Omitting all pictures, retype the entries below exactly as given.

—————

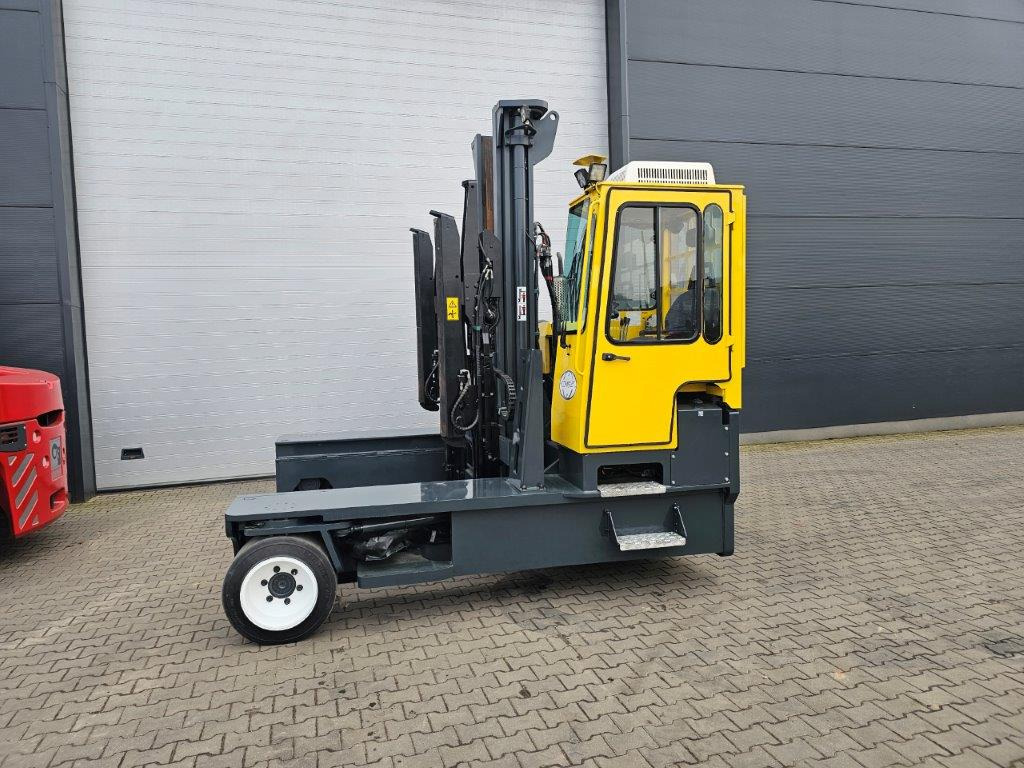 Combilift C12000 - Vierwegstapler: das Bild 5 Combilift C12000 - Vierwegstapler: das Bild 5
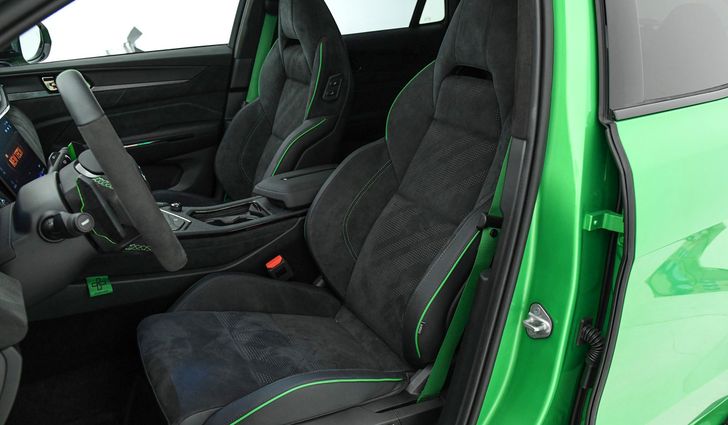 Интерьер Lynk&Co 05+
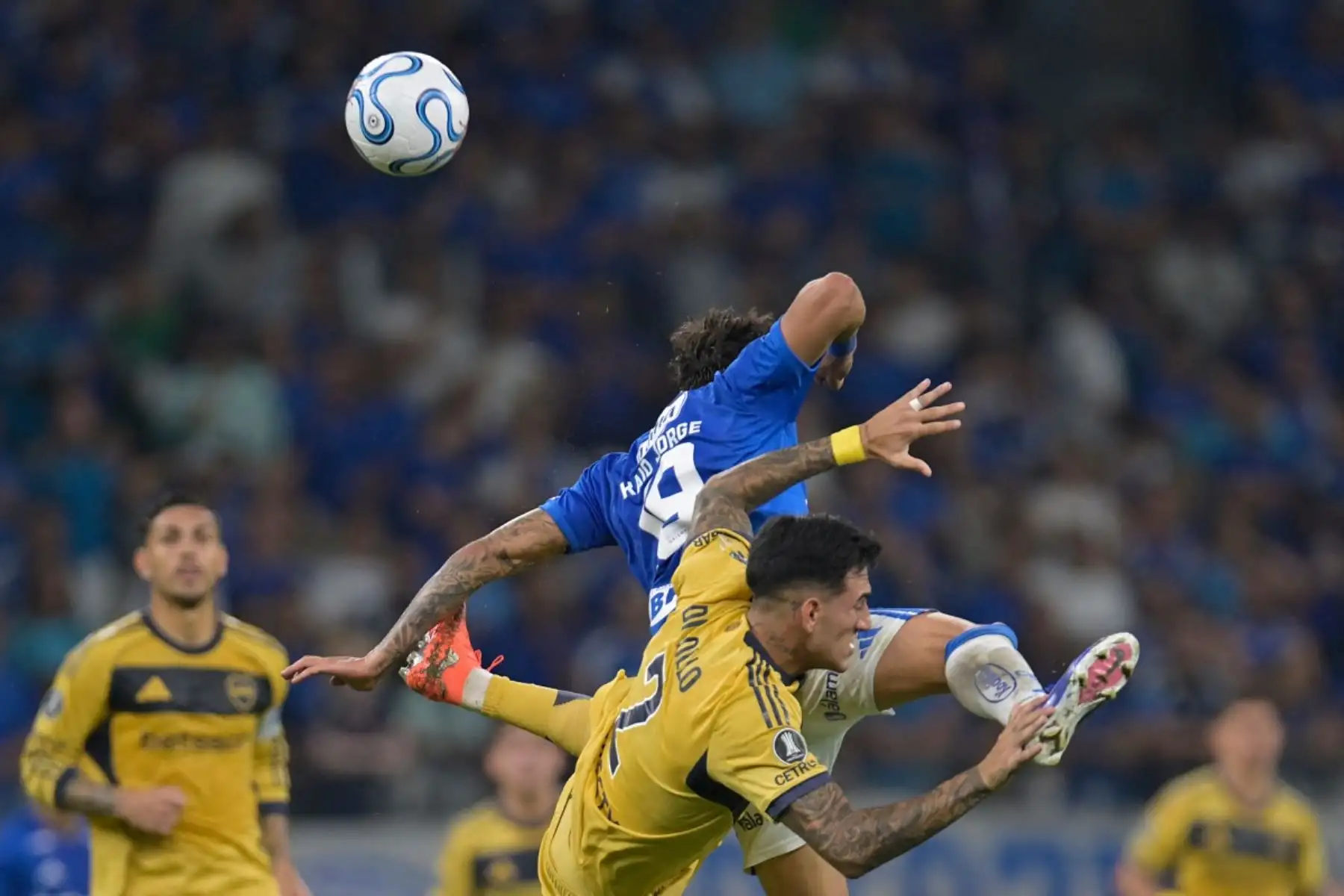 El defensor de Boca Juniors # 02 Lautaro Di Lollo y el delantero de Cruzeiro # 19 Kaio Jorge luchan por el balón durante el partido de fútbol de la fase de grupos de la Copa Libertadores entre el Cruzeiro de Brasil y el Boca Juniors de Argentina en el estadio Mineirao en Belo Horizonte, estado de Minas Gerais, Brasil, el 28 de abril de 2026. (Foto de DOUGLAS MAGNO / AFP)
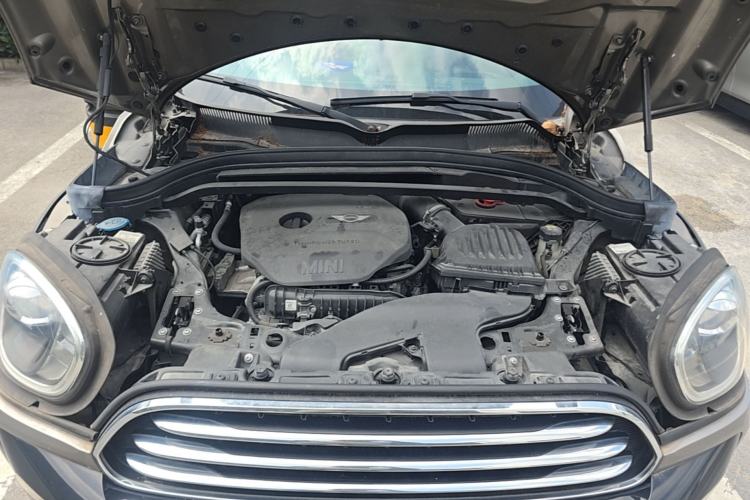 Used MINI Countryman 2017 1.5T COOPER ALL4 Explorer Engine Bay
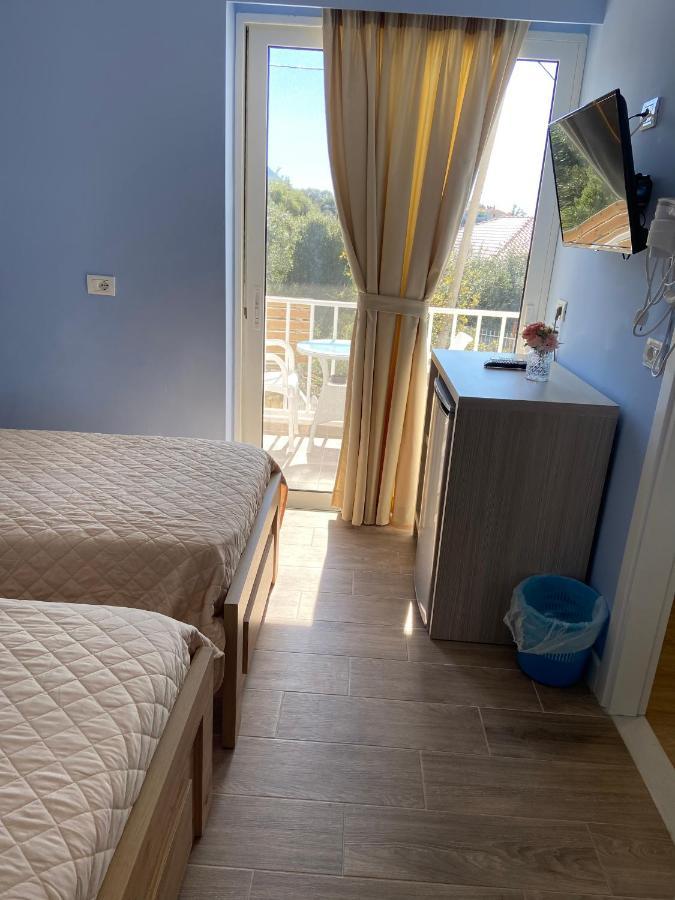 Persephone Hotel Химар Екстериор снимка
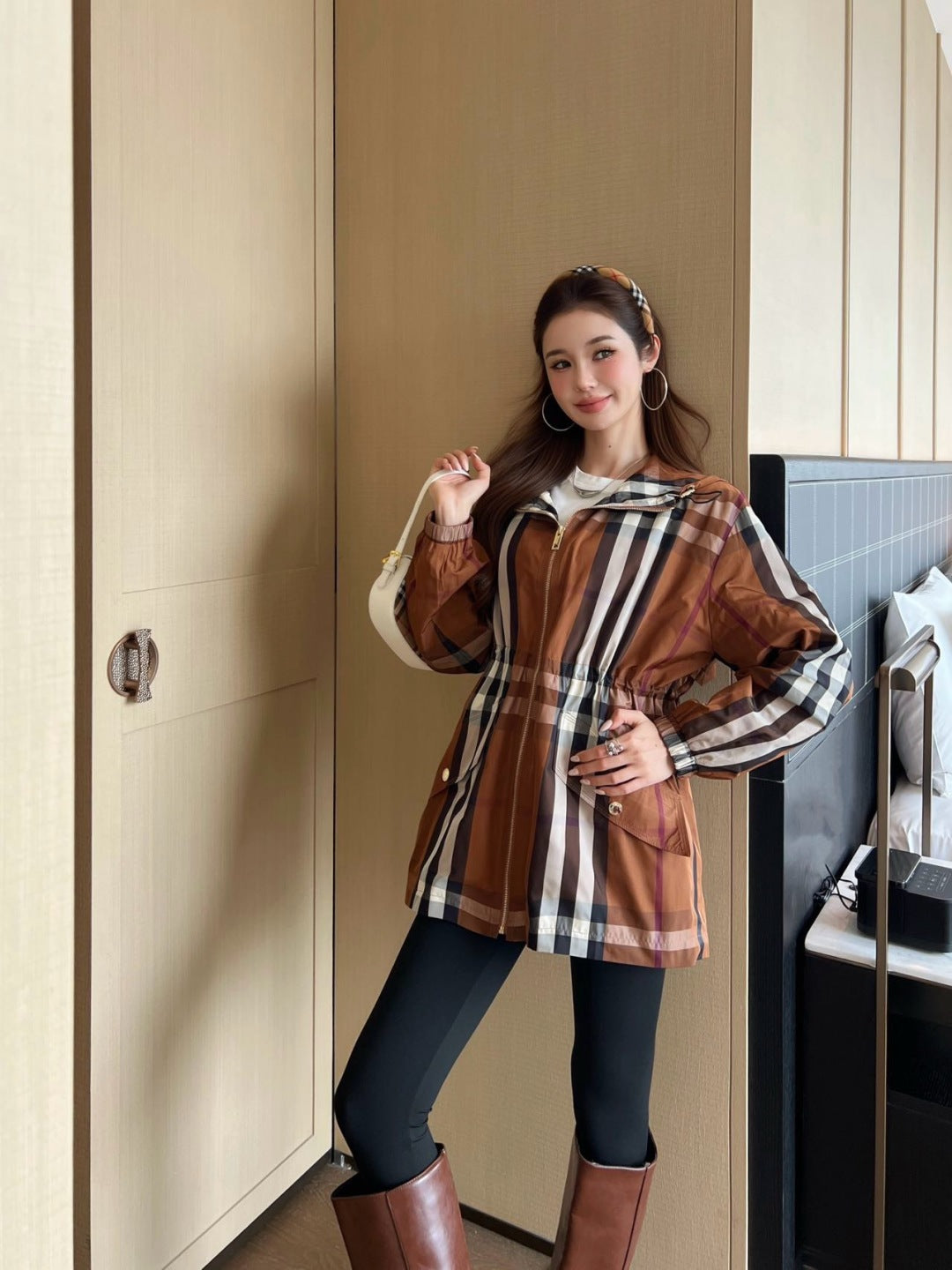 Bur 25fw hooded jacket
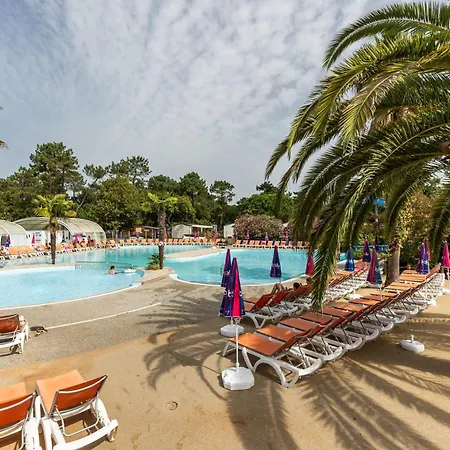 Campsite Mobilhome 6-8 Personnes Cap Ferret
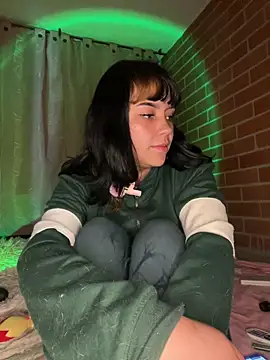 Snapshot of spooky_doll chatting on 18, 3, 2026 spooky doll online show from 18, 3, 2026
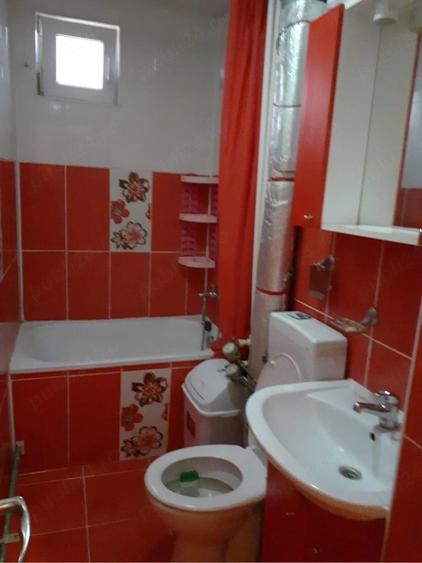 Apartament cu 3 camere semidecomandat în Exterior Vest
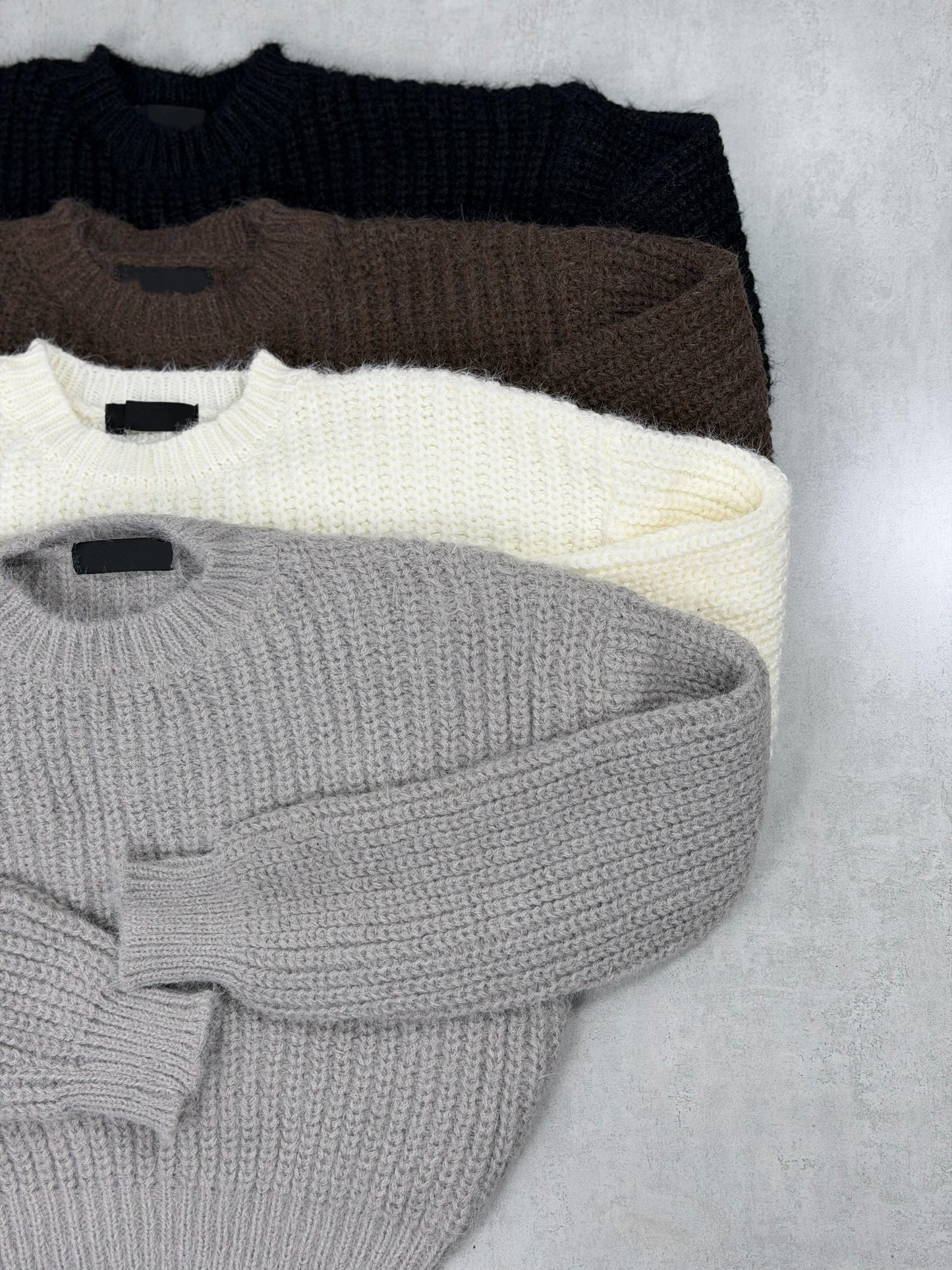Sweater Montana + Prendedor de Regalo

—————

§ Answer to the exercise
 Combilift C12000 - Vierwegstapler: das Bild 5 Combilift C12000 - Vierwegstapler: das Bild 5
 Интерьер Lynk&Co 05+
 El defensor de Boca Juniors # 02 Lautaro Di Lollo y el delantero de Cruzeiro # 19 Kaio Jorge luchan por el balón durante el partido de fútbol de la fase de grupos de la Copa Libertadores entre el Cruzeiro de Brasil y el Boca Juniors de Argentina en el estadio Mineirao en Belo Horizonte, estado de Minas Gerais, Brasil, el 28 de abril de 2026. (Foto de DOUGLAS MAGNO / AFP)
 Used MINI Countryman 2017 1.5T COOPER ALL4 Explorer Engine Bay
 Persephone Hotel Химар Екстериор снимка
 Bur 25fw hooded jacket
 Campsite Mobilhome 6-8 Personnes Cap Ferret
 Snapshot of spooky_doll chatting on 18, 3, 2026 spooky doll online show from 18, 3, 2026
 Apartament cu 3 camere semidecomandat în Exterior Vest
Sweater Montana + Prendedor de Regalo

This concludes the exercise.